Yup. Note that this is all about the legal case resulting from the action. Hence my point. In the story it's presented as a given that she has more or less no choice. She's done everything she can to deal with the situation legally. She's filed complaints. She's in an environment in which divorce or separation isn't as legally easy as it is now, and options for battered women were close to nil. A lot of our legal changes with regard to marriage exist precisely because of that scenario.
Today, a woman would have a much harder time making that same case.

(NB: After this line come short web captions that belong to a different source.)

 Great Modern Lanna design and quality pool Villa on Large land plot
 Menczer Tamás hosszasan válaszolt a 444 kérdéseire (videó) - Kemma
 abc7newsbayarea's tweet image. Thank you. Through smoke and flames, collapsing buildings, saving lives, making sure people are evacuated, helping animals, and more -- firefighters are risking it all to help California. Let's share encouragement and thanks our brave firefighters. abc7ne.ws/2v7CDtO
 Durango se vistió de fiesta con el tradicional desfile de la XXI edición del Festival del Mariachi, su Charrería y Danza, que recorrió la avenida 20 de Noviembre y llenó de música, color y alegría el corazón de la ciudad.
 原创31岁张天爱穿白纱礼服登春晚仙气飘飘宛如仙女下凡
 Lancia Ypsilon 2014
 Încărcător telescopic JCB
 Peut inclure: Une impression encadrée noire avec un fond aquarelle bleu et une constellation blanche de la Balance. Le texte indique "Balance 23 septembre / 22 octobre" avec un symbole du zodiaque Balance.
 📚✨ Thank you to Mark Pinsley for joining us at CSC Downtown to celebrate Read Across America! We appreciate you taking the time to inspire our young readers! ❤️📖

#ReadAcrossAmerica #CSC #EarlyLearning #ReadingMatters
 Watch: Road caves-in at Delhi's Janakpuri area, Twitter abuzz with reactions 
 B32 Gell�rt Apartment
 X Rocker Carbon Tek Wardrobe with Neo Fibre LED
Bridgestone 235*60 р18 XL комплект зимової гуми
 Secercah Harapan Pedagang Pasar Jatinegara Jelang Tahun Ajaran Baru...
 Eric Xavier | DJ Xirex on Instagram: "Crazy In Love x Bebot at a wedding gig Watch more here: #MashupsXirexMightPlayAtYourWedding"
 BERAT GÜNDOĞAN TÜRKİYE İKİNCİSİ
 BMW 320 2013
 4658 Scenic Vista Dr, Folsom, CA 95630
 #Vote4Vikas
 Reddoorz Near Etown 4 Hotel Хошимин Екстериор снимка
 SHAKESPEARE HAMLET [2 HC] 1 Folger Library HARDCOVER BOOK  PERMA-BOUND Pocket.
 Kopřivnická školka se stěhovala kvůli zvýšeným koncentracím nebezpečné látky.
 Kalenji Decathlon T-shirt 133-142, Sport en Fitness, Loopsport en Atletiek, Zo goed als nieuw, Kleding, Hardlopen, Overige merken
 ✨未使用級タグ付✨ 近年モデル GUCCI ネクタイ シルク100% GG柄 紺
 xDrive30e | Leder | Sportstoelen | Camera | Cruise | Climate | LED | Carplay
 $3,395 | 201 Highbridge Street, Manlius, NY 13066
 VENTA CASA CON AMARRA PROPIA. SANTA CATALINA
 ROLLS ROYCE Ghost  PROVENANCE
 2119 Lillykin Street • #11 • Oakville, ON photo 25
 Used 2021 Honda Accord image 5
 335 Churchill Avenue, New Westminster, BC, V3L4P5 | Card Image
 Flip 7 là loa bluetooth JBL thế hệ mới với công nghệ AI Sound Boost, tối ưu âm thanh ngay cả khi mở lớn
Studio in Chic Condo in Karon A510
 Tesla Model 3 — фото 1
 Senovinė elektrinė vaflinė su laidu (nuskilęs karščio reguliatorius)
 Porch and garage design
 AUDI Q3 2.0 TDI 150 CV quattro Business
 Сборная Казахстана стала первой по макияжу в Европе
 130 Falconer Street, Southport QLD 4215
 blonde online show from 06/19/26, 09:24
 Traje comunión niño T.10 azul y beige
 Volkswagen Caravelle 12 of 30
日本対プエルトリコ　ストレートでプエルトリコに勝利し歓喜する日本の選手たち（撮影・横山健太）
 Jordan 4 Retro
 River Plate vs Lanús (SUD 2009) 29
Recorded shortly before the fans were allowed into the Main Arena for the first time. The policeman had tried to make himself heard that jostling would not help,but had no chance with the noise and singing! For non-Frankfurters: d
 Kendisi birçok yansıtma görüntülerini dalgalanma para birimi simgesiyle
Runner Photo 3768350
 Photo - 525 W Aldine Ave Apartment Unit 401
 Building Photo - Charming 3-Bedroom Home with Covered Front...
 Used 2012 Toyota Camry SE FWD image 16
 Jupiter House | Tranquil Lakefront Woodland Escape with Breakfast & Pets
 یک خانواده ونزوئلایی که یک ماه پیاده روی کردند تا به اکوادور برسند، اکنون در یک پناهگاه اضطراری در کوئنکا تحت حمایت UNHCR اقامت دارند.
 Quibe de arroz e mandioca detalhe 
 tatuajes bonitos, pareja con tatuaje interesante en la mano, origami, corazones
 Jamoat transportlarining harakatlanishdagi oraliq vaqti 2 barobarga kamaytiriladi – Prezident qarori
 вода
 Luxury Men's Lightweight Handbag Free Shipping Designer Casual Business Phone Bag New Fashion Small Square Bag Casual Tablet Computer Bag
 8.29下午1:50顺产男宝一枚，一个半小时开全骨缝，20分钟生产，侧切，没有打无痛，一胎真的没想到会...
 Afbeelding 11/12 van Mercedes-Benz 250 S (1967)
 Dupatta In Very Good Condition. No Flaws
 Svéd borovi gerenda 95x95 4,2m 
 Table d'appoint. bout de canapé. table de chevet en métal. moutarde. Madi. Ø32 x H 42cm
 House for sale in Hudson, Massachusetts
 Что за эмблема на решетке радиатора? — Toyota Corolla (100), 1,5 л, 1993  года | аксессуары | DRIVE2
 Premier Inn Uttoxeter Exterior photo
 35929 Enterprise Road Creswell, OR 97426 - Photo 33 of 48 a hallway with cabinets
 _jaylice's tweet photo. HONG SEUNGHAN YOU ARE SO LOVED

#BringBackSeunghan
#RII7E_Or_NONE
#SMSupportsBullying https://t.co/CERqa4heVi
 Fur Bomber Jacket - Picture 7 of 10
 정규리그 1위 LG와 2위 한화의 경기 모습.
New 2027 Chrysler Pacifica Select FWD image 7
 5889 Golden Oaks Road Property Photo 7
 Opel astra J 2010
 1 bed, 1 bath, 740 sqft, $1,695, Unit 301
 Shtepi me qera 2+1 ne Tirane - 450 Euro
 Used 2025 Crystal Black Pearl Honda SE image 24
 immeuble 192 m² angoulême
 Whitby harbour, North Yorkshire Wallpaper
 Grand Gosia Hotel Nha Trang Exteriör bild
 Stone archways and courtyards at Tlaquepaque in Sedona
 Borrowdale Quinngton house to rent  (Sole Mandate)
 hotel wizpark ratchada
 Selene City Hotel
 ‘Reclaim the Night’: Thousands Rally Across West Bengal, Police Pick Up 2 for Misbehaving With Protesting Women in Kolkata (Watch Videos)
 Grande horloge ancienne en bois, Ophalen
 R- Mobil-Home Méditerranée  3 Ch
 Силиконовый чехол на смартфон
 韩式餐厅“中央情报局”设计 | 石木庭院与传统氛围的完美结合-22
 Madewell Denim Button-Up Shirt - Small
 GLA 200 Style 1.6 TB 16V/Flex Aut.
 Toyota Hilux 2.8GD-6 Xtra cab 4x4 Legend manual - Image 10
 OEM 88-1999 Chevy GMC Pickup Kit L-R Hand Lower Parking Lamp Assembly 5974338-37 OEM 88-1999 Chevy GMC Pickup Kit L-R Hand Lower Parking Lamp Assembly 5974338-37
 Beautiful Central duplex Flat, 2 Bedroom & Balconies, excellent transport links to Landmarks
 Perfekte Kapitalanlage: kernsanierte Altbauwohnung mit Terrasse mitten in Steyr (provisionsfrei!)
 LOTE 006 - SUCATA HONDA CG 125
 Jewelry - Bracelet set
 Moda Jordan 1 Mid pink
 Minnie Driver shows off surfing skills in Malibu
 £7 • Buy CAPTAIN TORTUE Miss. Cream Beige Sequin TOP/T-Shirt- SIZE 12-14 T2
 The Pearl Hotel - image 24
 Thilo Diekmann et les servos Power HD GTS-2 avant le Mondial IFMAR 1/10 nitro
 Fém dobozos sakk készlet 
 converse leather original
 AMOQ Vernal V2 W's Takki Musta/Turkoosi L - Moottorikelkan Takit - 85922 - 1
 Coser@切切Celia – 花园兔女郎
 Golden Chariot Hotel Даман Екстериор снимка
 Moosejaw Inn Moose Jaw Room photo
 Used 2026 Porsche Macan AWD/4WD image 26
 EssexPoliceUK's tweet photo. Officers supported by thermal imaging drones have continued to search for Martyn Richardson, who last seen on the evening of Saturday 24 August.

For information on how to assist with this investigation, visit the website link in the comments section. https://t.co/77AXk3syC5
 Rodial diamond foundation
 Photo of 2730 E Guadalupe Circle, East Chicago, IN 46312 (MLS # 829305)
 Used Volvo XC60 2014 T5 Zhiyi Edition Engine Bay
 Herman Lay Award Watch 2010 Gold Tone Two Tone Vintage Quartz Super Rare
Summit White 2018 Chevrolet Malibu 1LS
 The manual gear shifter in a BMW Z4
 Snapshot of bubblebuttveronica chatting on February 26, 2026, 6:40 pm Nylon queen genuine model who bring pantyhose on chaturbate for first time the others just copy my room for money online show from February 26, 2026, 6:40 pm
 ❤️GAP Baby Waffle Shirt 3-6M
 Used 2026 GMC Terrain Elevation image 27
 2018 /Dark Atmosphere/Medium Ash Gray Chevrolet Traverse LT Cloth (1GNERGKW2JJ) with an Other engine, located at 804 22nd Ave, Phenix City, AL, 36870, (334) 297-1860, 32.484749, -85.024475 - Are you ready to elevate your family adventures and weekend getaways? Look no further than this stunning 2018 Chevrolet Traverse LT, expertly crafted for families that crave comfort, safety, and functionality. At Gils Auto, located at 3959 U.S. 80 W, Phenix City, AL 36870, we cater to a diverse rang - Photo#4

Not because we've somehow gone backwards socially or something, but because we've created so many options for women in this situation to help them get out of it.
--from Gbaji, who thinks cops are more justified shooting people who look bad, then wives shooting husbands who abuse and rape them and their kids and pets and are imminent threats telling them they will kill them.
Drama much? Can we agree that the issue of domestic violence is far far more complex than that, and should not just be shoehorned into a simplistic "for or against" kind of thing?
Where are the SWAT militarization knock-downs due to 911 calls of domestic violence?
They flashbang to death babies. Shoot to death anyone answering a door. DRUGS. Essentially commerce, non-violent. Domestic violence--violent. Uh. GRRRRR. Sorry if strawmanning you, *******, or your ****** logic or priorities.
You kinda answer your own question. The police are always in a tough spot with these issues. If they don't act strongly enough, they get accused of not caring, or not doing enough. If they act too strongly, they get accused of overreacting, arresting people who shouldn't be arrested, breaking up families unnecessarily, sending kinds to social services, etc. There's no one perfect answer for this. And there's always room for failure. Far too much room.